Recorded data
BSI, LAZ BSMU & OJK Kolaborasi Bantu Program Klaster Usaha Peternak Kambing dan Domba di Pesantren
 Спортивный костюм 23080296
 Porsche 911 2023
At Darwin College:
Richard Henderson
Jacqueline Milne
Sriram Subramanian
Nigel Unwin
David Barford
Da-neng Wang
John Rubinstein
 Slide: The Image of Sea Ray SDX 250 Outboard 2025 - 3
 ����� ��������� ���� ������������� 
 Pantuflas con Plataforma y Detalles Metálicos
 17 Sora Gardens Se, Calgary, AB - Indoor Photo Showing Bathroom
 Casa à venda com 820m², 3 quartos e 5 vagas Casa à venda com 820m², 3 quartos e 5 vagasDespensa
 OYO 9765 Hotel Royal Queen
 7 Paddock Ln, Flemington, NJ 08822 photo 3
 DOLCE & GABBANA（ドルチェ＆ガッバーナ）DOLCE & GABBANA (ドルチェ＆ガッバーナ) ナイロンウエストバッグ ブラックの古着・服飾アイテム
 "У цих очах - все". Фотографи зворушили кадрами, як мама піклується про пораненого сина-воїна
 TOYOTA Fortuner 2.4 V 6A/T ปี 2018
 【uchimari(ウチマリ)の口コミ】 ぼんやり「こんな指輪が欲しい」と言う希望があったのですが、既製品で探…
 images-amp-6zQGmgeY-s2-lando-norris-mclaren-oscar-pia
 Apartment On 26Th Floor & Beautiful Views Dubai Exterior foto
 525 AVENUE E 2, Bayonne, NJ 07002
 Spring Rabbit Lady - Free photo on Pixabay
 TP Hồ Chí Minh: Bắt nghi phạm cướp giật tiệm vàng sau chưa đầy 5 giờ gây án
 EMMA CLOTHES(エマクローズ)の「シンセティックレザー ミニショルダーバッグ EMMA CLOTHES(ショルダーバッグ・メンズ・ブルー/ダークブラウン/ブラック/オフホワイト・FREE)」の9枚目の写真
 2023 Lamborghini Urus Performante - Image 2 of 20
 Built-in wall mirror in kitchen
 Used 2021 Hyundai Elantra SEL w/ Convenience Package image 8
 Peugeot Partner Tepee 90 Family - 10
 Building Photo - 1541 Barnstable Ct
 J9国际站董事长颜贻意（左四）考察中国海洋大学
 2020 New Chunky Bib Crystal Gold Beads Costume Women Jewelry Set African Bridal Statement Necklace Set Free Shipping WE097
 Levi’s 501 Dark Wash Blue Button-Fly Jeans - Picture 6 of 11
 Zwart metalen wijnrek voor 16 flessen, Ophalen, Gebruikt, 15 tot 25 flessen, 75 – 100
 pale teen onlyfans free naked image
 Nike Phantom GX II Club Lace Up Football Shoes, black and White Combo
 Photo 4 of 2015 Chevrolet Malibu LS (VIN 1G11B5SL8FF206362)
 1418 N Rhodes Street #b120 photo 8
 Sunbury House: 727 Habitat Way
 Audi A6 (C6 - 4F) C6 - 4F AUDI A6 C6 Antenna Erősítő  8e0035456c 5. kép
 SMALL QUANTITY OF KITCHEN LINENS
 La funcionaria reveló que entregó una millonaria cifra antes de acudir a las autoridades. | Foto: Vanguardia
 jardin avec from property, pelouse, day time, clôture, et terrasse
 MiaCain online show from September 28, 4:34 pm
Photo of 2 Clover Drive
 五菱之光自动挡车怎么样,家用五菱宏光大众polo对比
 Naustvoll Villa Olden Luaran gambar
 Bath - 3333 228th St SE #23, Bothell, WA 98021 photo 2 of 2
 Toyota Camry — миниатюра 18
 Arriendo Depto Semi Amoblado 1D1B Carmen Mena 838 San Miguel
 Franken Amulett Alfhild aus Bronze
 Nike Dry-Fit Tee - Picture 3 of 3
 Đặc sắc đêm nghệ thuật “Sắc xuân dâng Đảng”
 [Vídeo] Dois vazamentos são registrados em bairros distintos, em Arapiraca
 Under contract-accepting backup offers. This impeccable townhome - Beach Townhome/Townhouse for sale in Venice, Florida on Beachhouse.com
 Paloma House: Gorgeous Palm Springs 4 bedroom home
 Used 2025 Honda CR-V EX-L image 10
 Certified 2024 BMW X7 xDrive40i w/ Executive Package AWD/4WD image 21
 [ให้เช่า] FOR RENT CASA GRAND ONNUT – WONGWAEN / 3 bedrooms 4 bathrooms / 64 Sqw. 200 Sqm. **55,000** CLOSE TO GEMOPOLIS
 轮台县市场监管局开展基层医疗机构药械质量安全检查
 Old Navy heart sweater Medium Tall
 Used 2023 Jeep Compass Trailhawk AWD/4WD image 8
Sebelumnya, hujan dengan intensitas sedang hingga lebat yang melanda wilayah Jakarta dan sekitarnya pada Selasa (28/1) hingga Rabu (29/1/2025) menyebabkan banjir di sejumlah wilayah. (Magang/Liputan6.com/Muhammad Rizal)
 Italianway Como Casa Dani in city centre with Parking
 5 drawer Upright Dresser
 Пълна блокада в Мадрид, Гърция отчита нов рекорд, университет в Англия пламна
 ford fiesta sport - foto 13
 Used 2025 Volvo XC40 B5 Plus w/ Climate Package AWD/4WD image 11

What you are asked to do
Would you print exactly, and only, the lines of the data above from the line with "2020 New Chunky" through the line with "[Vídeo] Dois vazamentos", inclusive?

Result
 2020 New Chunky Bib Crystal Gold Beads Costume Women Jewelry Set African Bridal Statement Necklace Set Free Shipping WE097
 Levi’s 501 Dark Wash Blue Button-Fly Jeans - Picture 6 of 11
 Zwart metalen wijnrek voor 16 flessen, Ophalen, Gebruikt, 15 tot 25 flessen, 75 – 100
 pale teen onlyfans free naked image
 Nike Phantom GX II Club Lace Up Football Shoes, black and White Combo
 Photo 4 of 2015 Chevrolet Malibu LS (VIN 1G11B5SL8FF206362)
 1418 N Rhodes Street #b120 photo 8
 Sunbury House: 727 Habitat Way
 Audi A6 (C6 - 4F) C6 - 4F AUDI A6 C6 Antenna Erősítő  8e0035456c 5. kép
 SMALL QUANTITY OF KITCHEN LINENS
 La funcionaria reveló que entregó una millonaria cifra antes de acudir a las autoridades. | Foto: Vanguardia
 jardin avec from property, pelouse, day time, clôture, et terrasse
 MiaCain online show from September 28, 4:34 pm
Photo of 2 Clover Drive
 五菱之光自动挡车怎么样,家用五菱宏光大众polo对比
 Naustvoll Villa Olden Luaran gambar
 Bath - 3333 228th St SE #23, Bothell, WA 98021 photo 2 of 2
 Toyota Camry — миниатюра 18
 Arriendo Depto Semi Amoblado 1D1B Carmen Mena 838 San Miguel
 Franken Amulett Alfhild aus Bronze
 Nike Dry-Fit Tee - Picture 3 of 3
 Đặc sắc đêm nghệ thuật “Sắc xuân dâng Đảng”
 [Vídeo] Dois vazamentos são registrados em bairros distintos, em Arapiraca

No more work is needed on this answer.